### WHAT THE EXERCISE ASKS
Return all the entries below exactly, except for the images they hold.

### WORKING DATA
********************

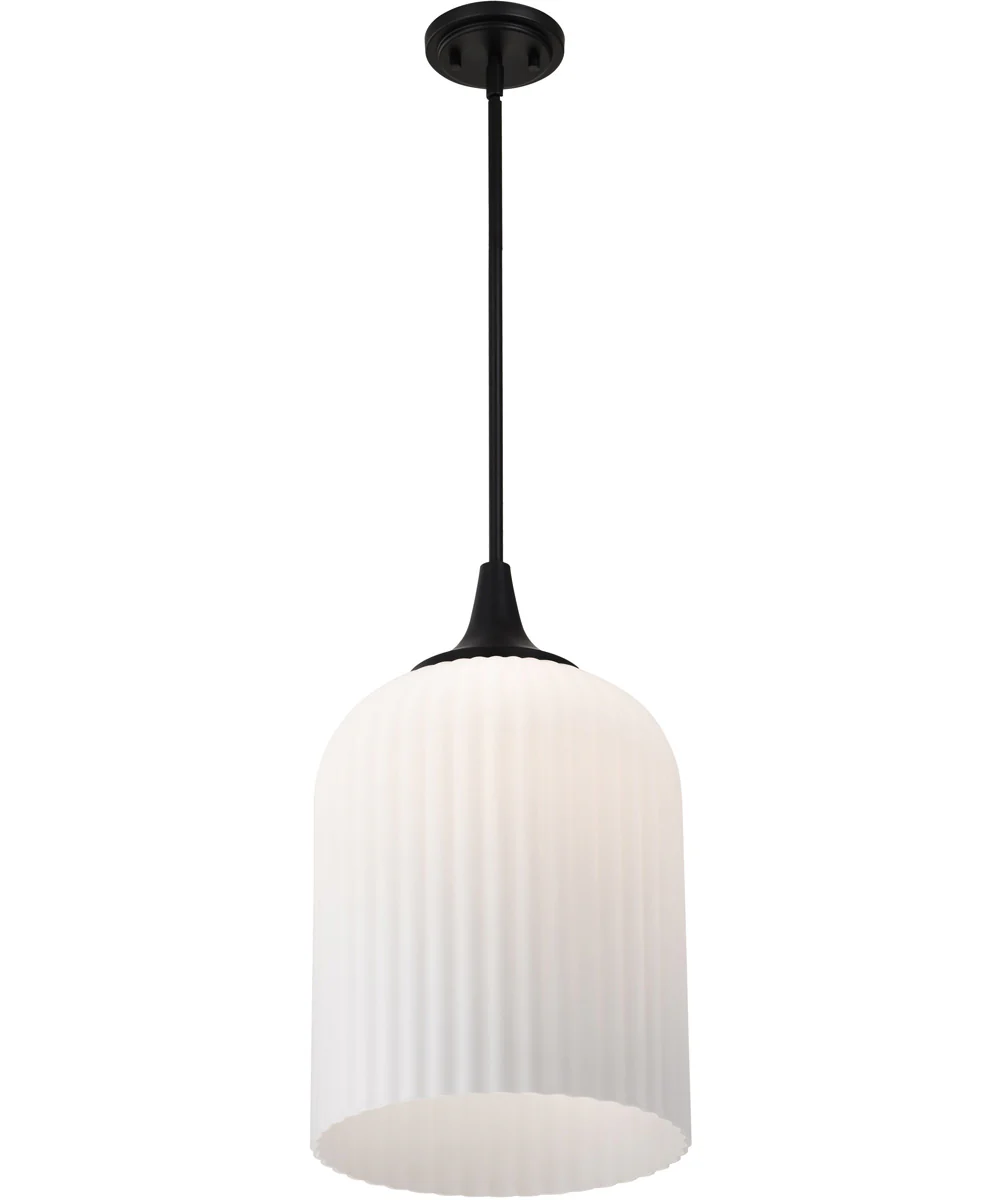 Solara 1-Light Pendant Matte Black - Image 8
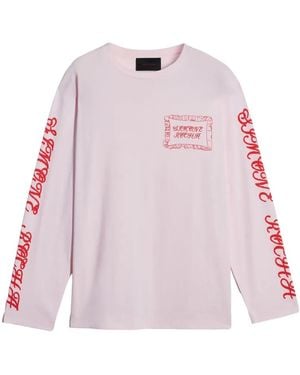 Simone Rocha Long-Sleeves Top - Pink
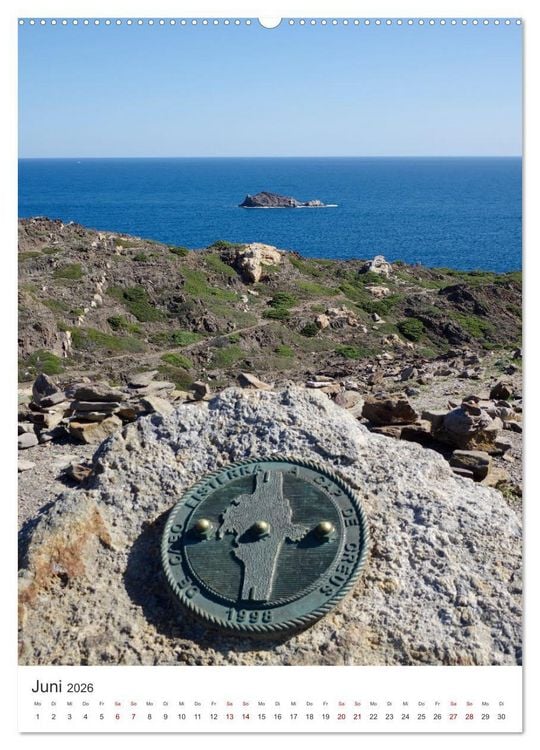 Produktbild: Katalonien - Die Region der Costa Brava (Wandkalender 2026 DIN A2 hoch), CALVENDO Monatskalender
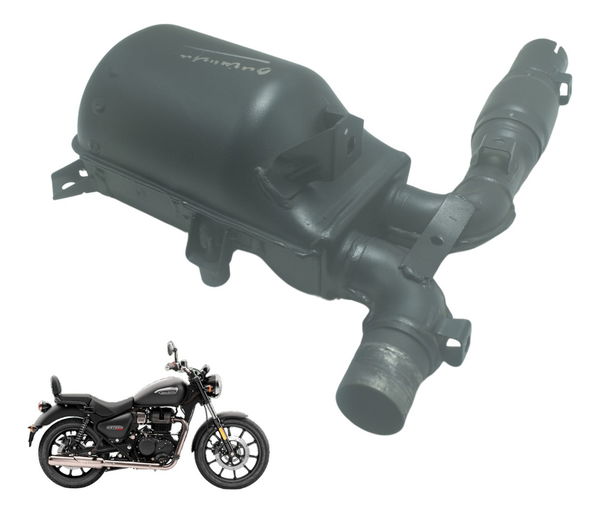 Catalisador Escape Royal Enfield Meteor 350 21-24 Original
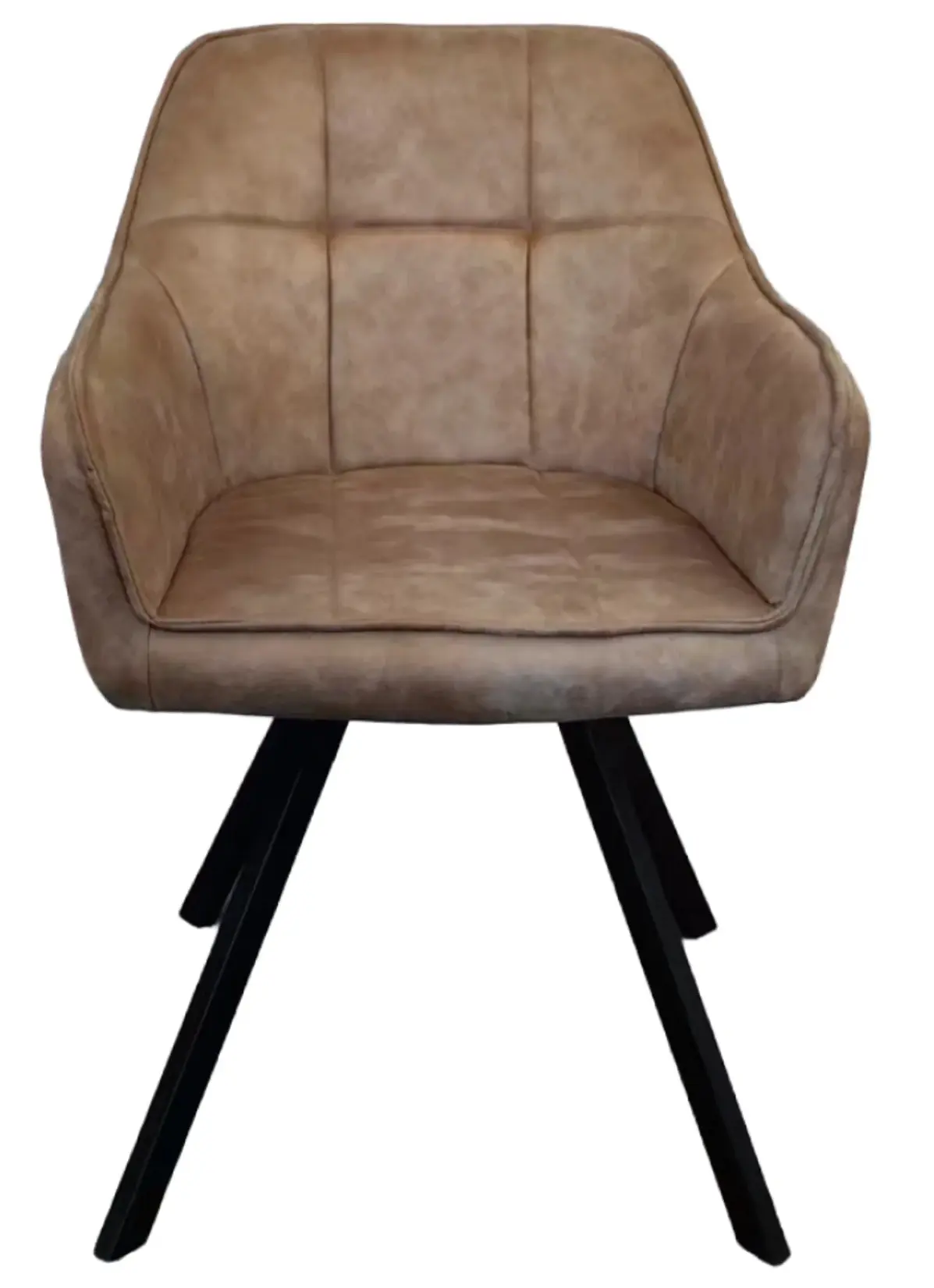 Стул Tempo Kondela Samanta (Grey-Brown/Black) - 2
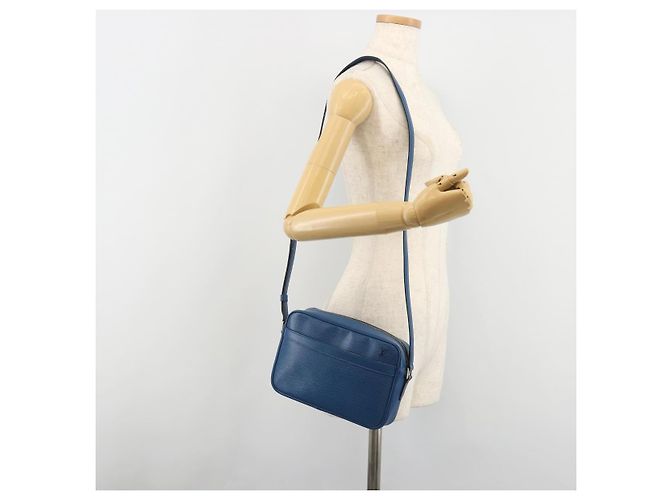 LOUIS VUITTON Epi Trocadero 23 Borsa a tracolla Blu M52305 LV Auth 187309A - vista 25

********************

### ANSWER AREA
 Solara 1-Light Pendant Matte Black - Image 8
 Simone Rocha Long-Sleeves Top - Pink
 Produktbild: Katalonien - Die Region der Costa Brava (Wandkalender 2026 DIN A2 hoch), CALVENDO Monatskalender
 Catalisador Escape Royal Enfield Meteor 350 21-24 Original
 Стул Tempo Kondela Samanta (Grey-Brown/Black) - 2
 LOUIS VUITTON Epi Trocadero 23 Borsa a tracolla Blu M52305 LV Auth 187309A - vista 25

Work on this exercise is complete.